Exercise prompt —
Below are some records. Write out exactly their lines from the one with "Marbella 25 juli 2003" through the one with "Rosanna Lima met kinderen bij nicky beach", and leave the pictures behind.

Data shown —
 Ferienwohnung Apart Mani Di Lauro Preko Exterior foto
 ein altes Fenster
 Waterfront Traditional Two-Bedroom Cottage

---

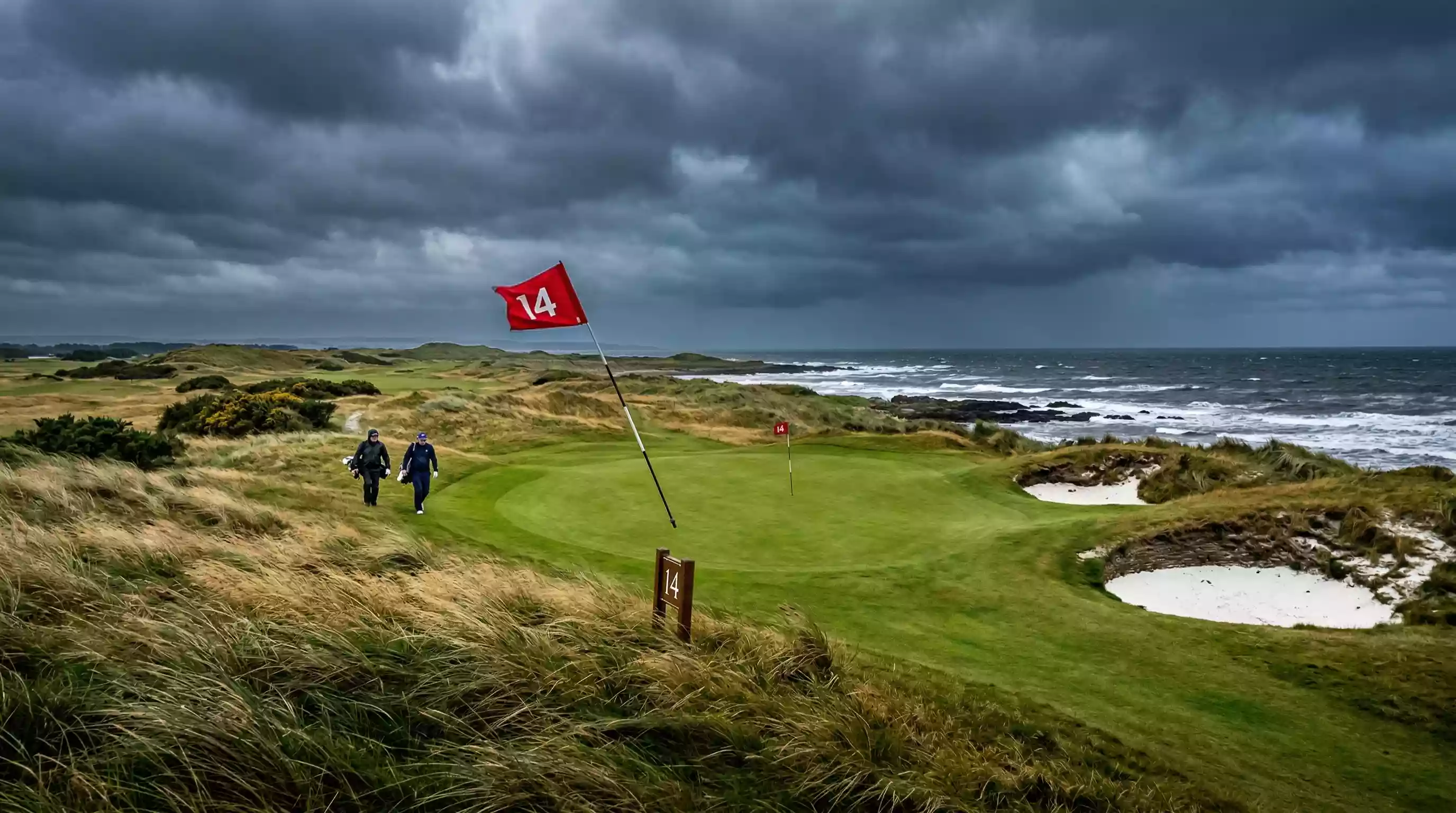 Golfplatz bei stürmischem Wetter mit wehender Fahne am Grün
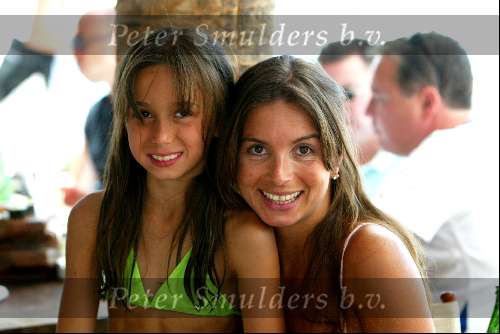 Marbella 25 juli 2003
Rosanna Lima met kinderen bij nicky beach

Completed exercise —
 Marbella 25 juli 2003
Rosanna Lima met kinderen bij nicky beach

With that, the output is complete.